- Born: Unknown, theorized to be between 1252 and 1262
- Died: 1345 Buried at the Jameh Mosque of Natanz in Natanz, Iran
- Influences: Ibn Arabi, Abdussamad Esfahani
- Influenced: Shah Nimatullah Wali and Haydar Amuli
- Major works: Ta'wilat al-Qur'an al-Karim

= Abd al-Razzaq Kāshānī =

Kamāl al-Dīn Abūʾl-Faḍl Abd al-Razzaq ibn Jamāl al-Dīn Abu al-Ghānīm Kāshānī (Persian: کمال‌الدّین ابوالفضل عبدالرزّاق بن جمال‌الدین ابى‌الغنائم کاشانى), better known as Abd al-Razzaq Kāshānī (عبدالرزاق کاشانی) was a 14th-century Persian Sufi mystic and scholar. He wrote the Ta'wilat al-Qur'an al-Karim, a mystical exegesis (interpretation) of the Quran.

== History ==
Abd al-Razzaq was born in Kashan. His birthdate is unknown, theorised to be between 1252 and 1262. As an adult, he became a disciple of Abdussamad Esfahani.

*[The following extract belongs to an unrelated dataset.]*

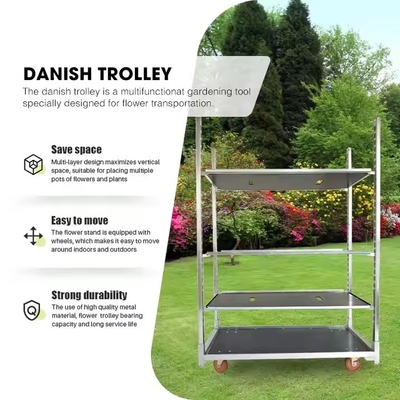 Plywood Material Four Wheel Rolling Danish Trolley Shelves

Abd al-Razzaq went on nine trips throughout his lifetime to places such as Shiraz and the Iraqi cities of Najaf and Baghdad; his trips always ended in a return to Natanz. In Semnan, he debated with the Kubrāwī Sufi mystic 'Ala' al-Dawla Simnani over the concept of Wahdat al-Wujood. He also wrote a commentary on Ibn Arabi's Fusus al-Hikam. Abd al-Razzaq died in 1345. He was buried next to his first teacher, Esfahani, in the khanqah of the Jameh Mosque of Natanz.

== Legacy ==
Abd al-Razzaq inspired generations of Sufis. He was respected by Shi'ites. His writings influenced the Sufi mystics Shah Nimatullah Wali and Haydar Amuli who frequently quoted from him. Abd al-Razzaq is a prominent figure in schools dedicated to teaching Ibn Arabi's mysticism.